According to the By-law on Detailed Conditions for the Preschool Preparatory Programme Implementation, the PPP’s function is to provide equal conditions for all children, enrich their social and cognitive experience and enable all children to be in the same or a similar position when they start primary school. In addition, the Fundamentals of the Preschool Education Programme does not specify precise short-term outcomes for the PPP, only thematic areas, competencies and aspects of child welfare, using key phrases such as ‘to feel’, ‘to be’, ‘to be able to’, ‘to be competent in’ and ‘to do’. The aspects of welfare and competencies specified are relevant for both the PPP and kindergarten, as well as for nursery.


Pedagogical approaches

Preschool teachers are free to choose teaching methods according to their preferred teaching style and the individual needs, wants and competencies of children. In the absence of a detailed curriculum, teachers have a very important role in the delivery of the programme, as well as in any modifications that may be appropriate in view of the children’s needs, interests and abilities.

Preschool teachers choose and create materials considering the welfare of children, principles regarding which are set out in the Fundamentals of the Preschool Education Programme, which recognises the importance of children’s feelings, characteristics, skills and previous experiences. Moreover, some of the materials should be chosen in cooperation between children and preschool teachers according to the current interests of the children. This is particularly the case with natural materials such as cloth, wood and clay.

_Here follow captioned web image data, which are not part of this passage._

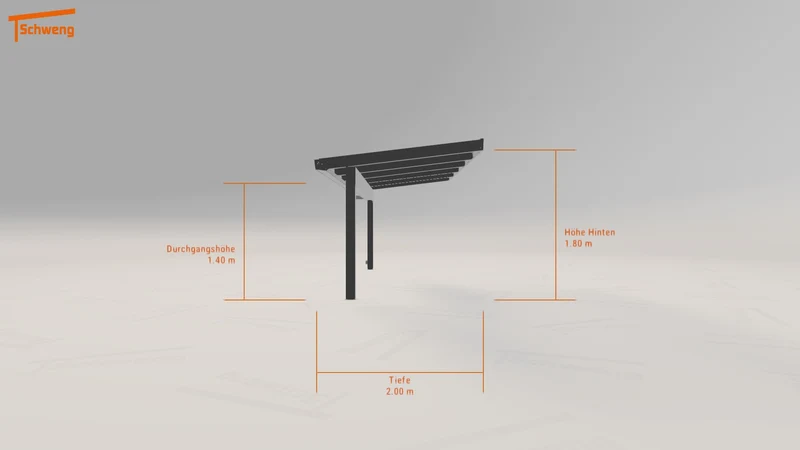 #DE Schweng Terrassenüberdachung S350 (ID 5m7dy8)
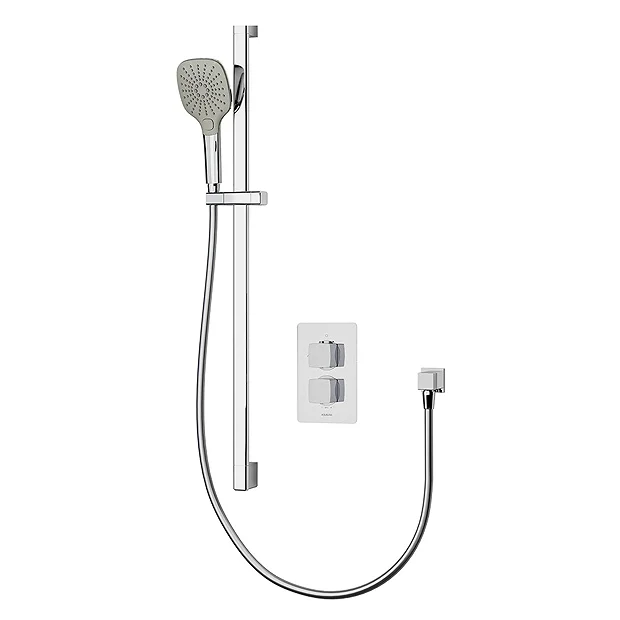 Aqualisa Dream Square Thermostatic Mixer Shower With Adjustable Head 4 Aqualisa Dream Square Thermostatic Mixer Shower With Adjustable Head - Image 2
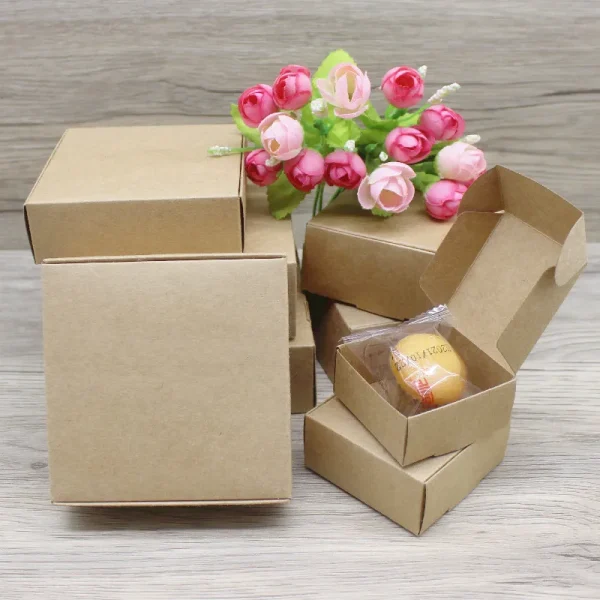 10pcs various gift packaging white kraft paper, window box paper, marble box with window, Christmas packaging packaging box 2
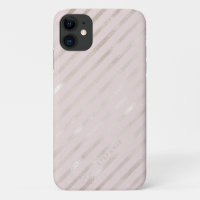 Broussailler Gold Foil Diamond Stripes Motif Monog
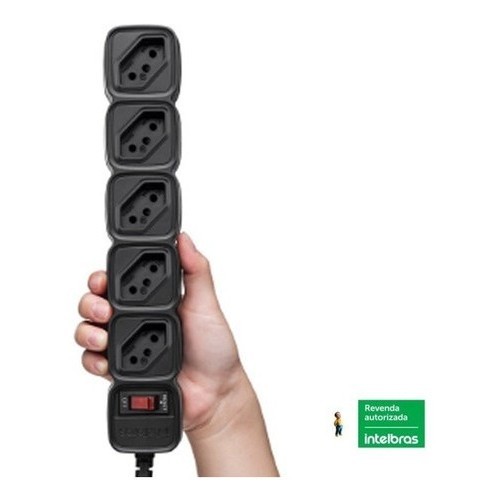 Epe 205 Filtro De Linha Protetor 5 Tomadas Intelbras (preto)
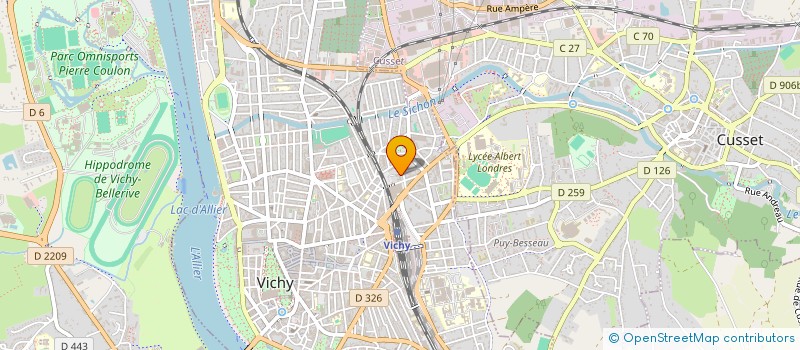 localisation de l'entreprise 897 855 557 à VICHY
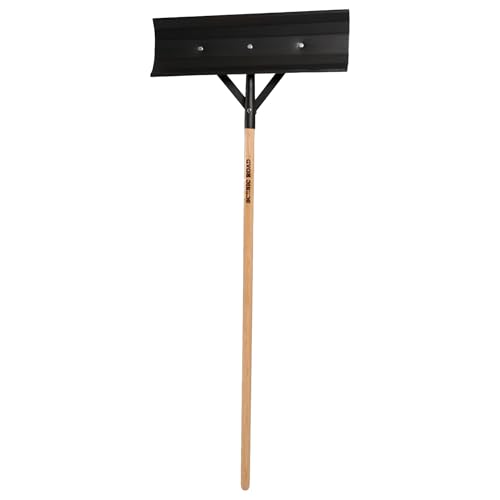 SCENIC ROAD Farm & Ranch Scraper Tool – Heavy Duty Ice Scraper with 24" Reversible Blade & 58" Long Handle Scraper – Poly Scraper for Driveway Ice, Barn, Paint or Wood – Made in USA (Model SRP24) - size: 24-inch Poly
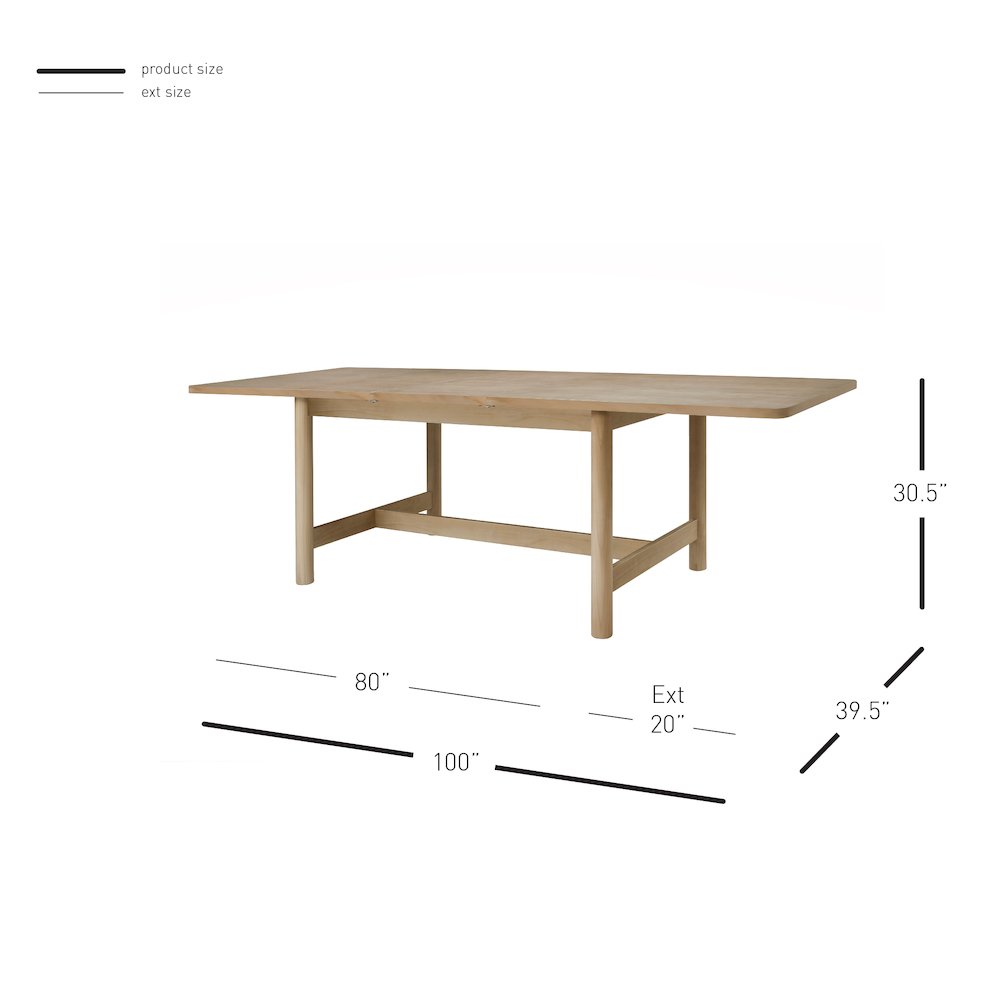 Bloomfield Butterfly Dining Table w/ 20" Ext. Picture 12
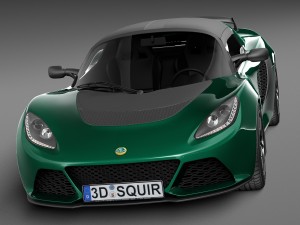 Lotus Exige Sport 350 2016 Model 3D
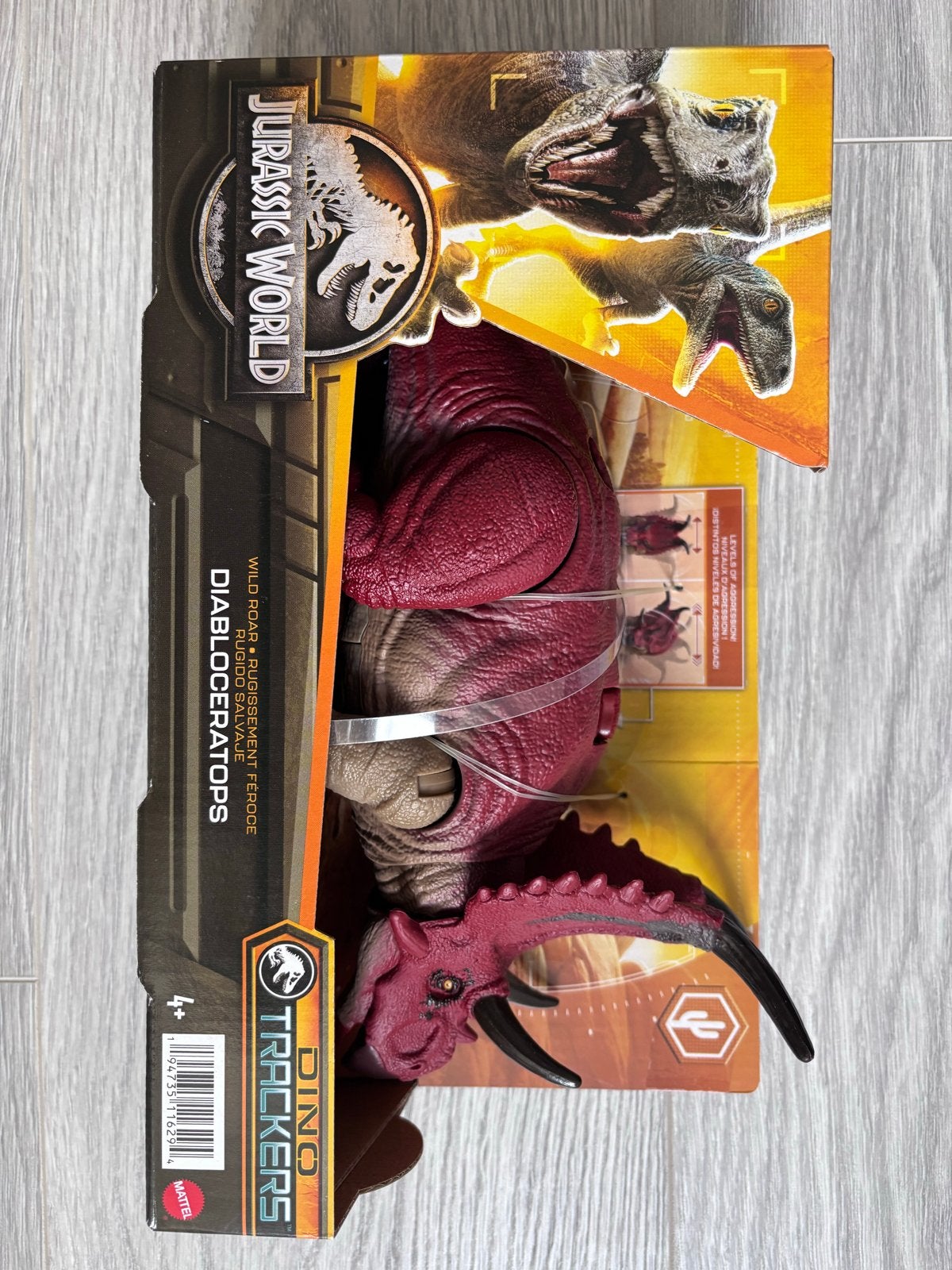 Jurassic World Dino Trackers Diabloceratops Speelfiguur, Kinderen en Baby's, Ophalen of Verzenden, Nieuw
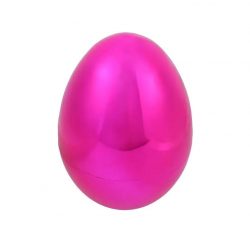 Solid Color Electroplated Plastic Large Egg
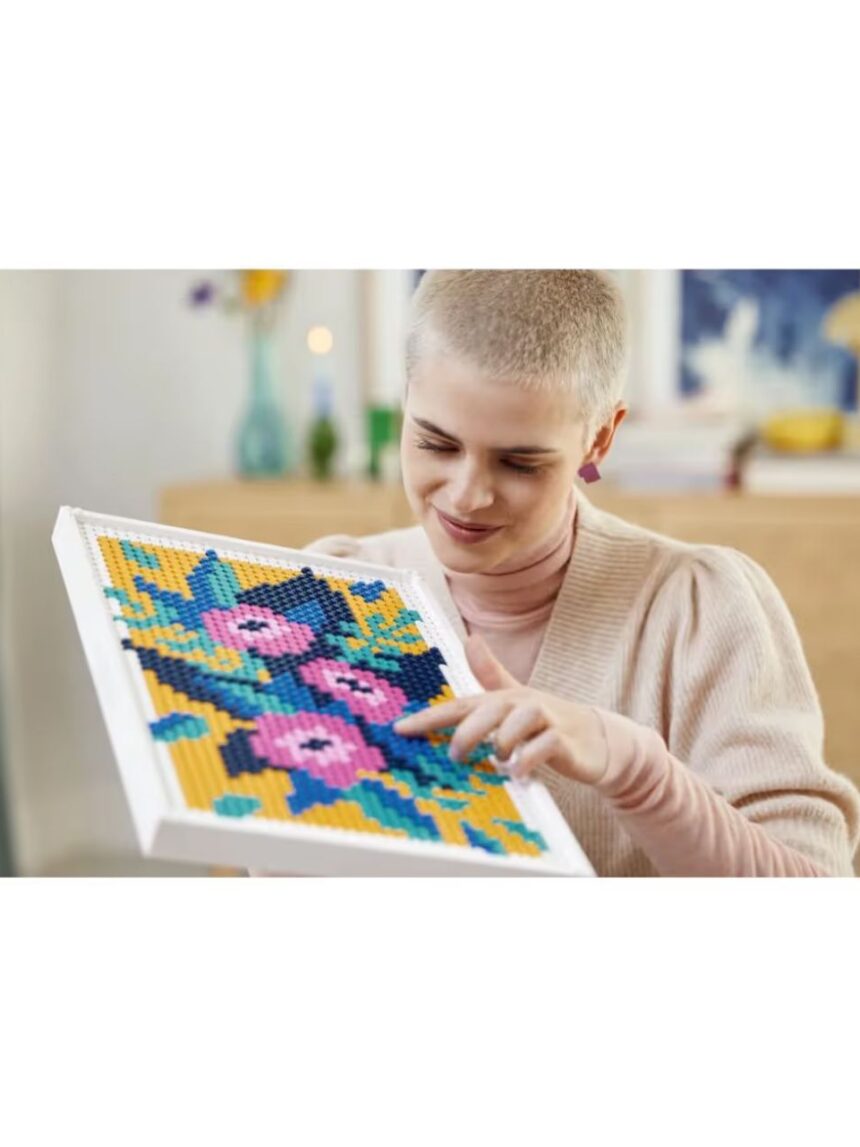 Lego art floral art 31207 - Lego, Lego Art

In line with the Fundamentals of the Preschool Education Programme, all participants in an ECEC institution, including children, parents or guardians, preschool teachers and other staff, are responsible for choosing and preparing materials. This pedagogical approach is applicable to the whole ECEC programme, including nursery, kindergarten and the PPP.



There is no formative or summative assessment during ECEC programmes. Personal records of progress for each child are kept and updated in ECEC institutions.

Transition to primary school

One of the main principles specified in the Fundamentals of the Preschool Education Programme is continuity in education. Continuity is based on developing lifelong learning competencies and connecting ECEC institutions with schools, families and local communities. Some recommendations for approaching transitions are made in the Fundamentals of the Preschool Education Programme: an ECEC institution should cooperate with a school by organising mutual visits and joint activities, exchanging information, preparing parents or guardians and children for the transition from kindergarten and the PPP to school, and organising particular activities and taking action to connect practitioners, children and parents or guardians from kindergartens and schools (sporting activities, art workshops, friendship programmes, celebrations, festivals, exhibitions, performances, etc.)